Oprah Winfrey, Colin Powell, Madeleine Albright, Calvin Klein’ın da aralarında bulunduğu dünyaca ünlü isimlere rehberlik yapan Saffet Emre Tonguç, Türk insanının, şehrin Rum ya da Yunan geçmişini hatırlattığı gerekçesiyle Konstantinopolis ismini sevmediğini ifade ederek, “Asıl Rumca’dan gelen isim İstanbul. İmparator Konstantin Roma’dan gelerek şehri kuruyor ve kendi adını veriyor. Aslında adam İtalyan ve Rumca tek kelime bilmiyor” diye konuştu.
Cumhuriyetten sonra resmi olarak kullanılmaya başlanan İstanbul isminin, Rumca’dan geldiğini ve geçmişte de kullanılan bir isim olduğunu ifade eden Tonguç, İstanbul’un kelime olarak kökeninin “şehre” demek olan “stan” ve “şehir” anlamında “polis” kelimelerinin birleşiminden geldiğini anlattı.
Tonguç, “Neden ‘Stanpolis’ demişler?

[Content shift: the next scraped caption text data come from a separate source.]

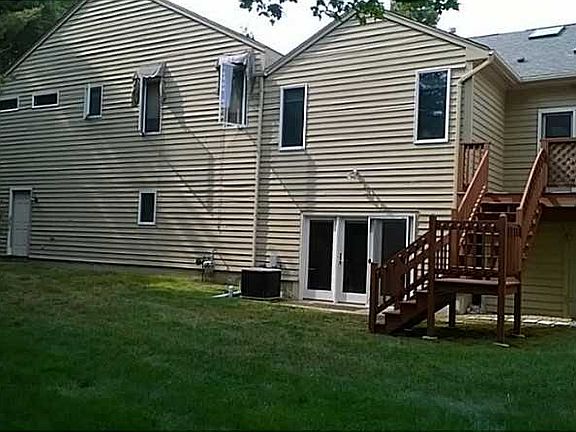 2nd image of 157 Pine Glen Dr #157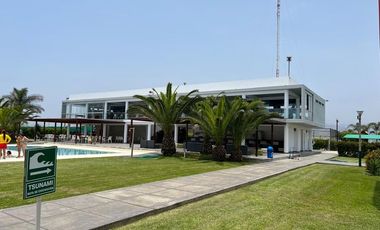 Venta de Casa en la Playa – Cala de Mar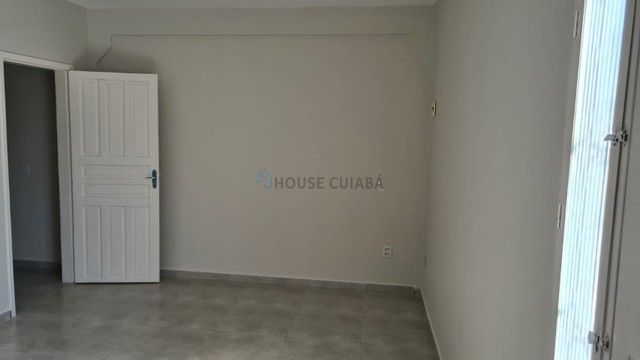 Foto 3 de Casa com 2 Quartos à venda, 85m² em Parque Ohara, Cuiabá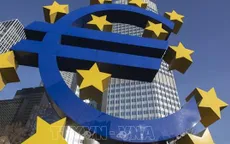 Eurozone có thể có thêm thành viên mới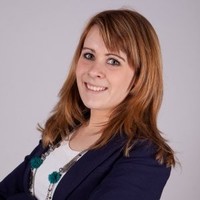 Anke Schoenmakers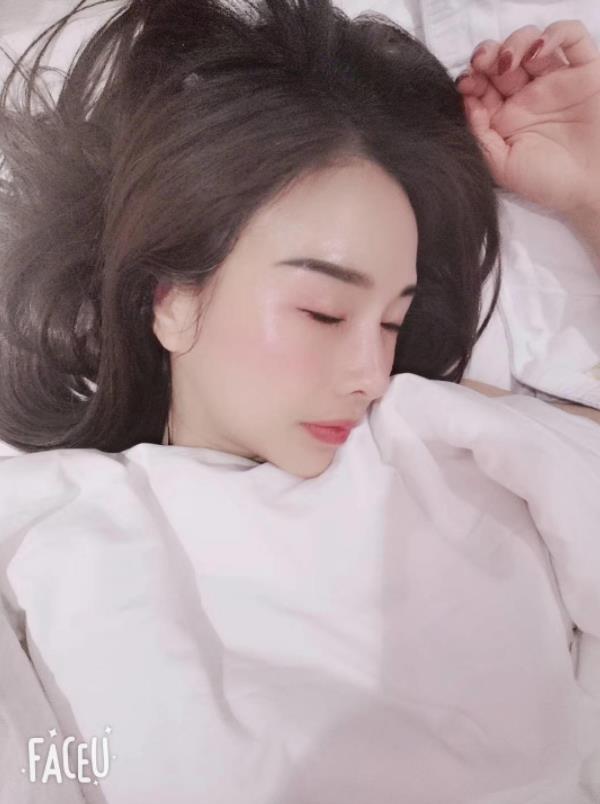 约战美少妇 第1张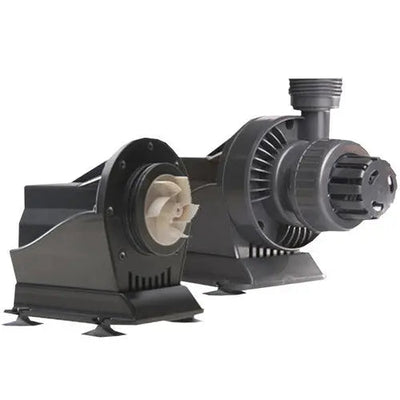 Reef Octopus Water Blaster Pump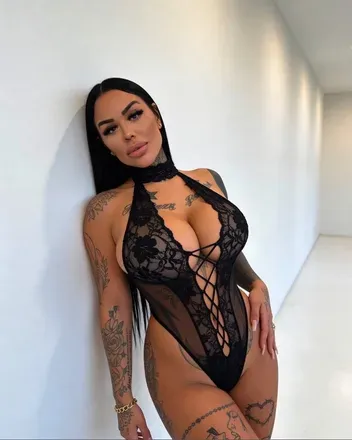 @angiexox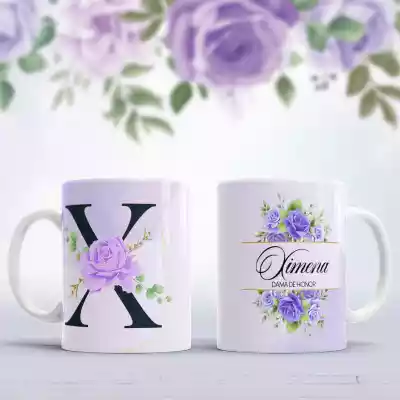 vectores plantilas DAMA DE HONOR,ALFABETO,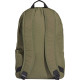 Рюкзак Adidas Classic Badge of Sport H34811 - хакі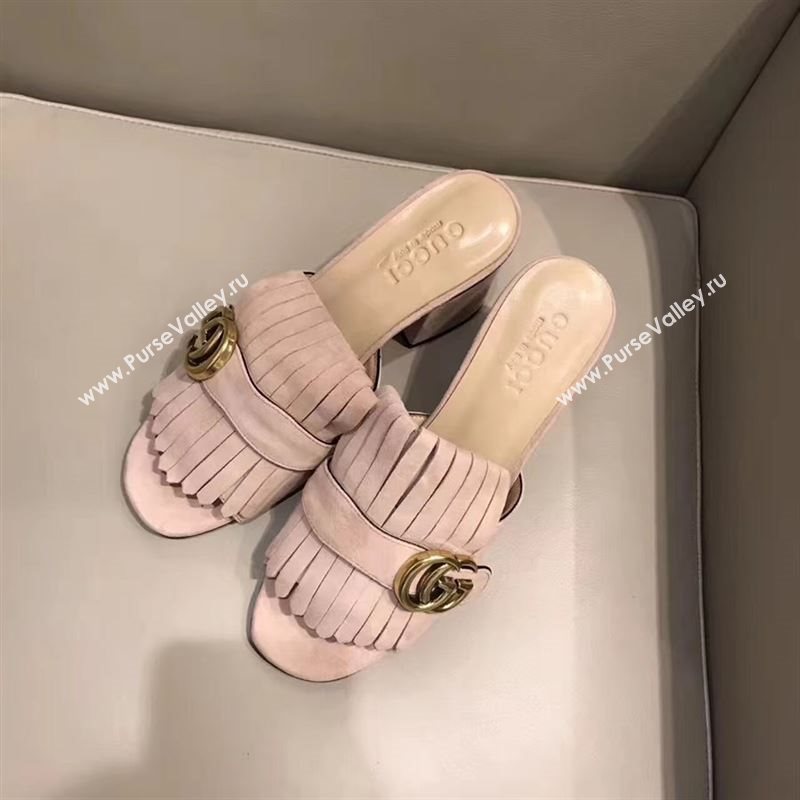 Gucci sandals 261751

Çünkü buraya gelen insanlar, yolda şehri sorarlarmış, ‘Şehre nasıl gidebiliriz?’ diye. O yüzden de şehrin adı ‘Stanpolis’ olarak kalmış ve zamanla İstanbul’a dönüşmüş” dedi.
Osmanlı’da şehrin “Konstantiniyye”, “Asitane”, “Dersaadet” gibi bir çok ismi bulunduğunu belirten Tonguç, cumhuriyetle birlikte İstanbul adının kullanılmasının bazı sıkıntılara neden olduğunu söyledi.
Çeşitli dil ve medeniyetlerde farklı şekillerde adlandırılan İstanbul, Grekçe’de “Vizantion”, Latince’de “Bizantium, Antoninya, Alma Roma, Nova Roma”, Rumca’da “Konstantinopolis, Istinpolin, Megali Polis, Kalipolis”, Slavca’da “Çargrad, Konstantingrad”, Vikingce’de “Miklagord”, Ermenice’de “Vizant, Stimbol, Esdambol, Eskomboli”, Arapça’da “Bizantiya, el-Mahsura, Kustantina el-uzma”, Selçuklular’da “Konstantiniyye, Mahrusa-i Konstantiniyye, Stambul” ve Osmanlıca’da “Dersaadet, Deraliyye, Mahrusa-i Saltanat, Istanbul, Islambol, Darü’s-saltanat-ı Aliyye, Asitane-i Aliyye, Darü’l-Hilafetü’l Aliye, Payitaht-ı Saltanat, Dergah-ı Mualla, Südde-i Saadet” isimleriyle anıldı.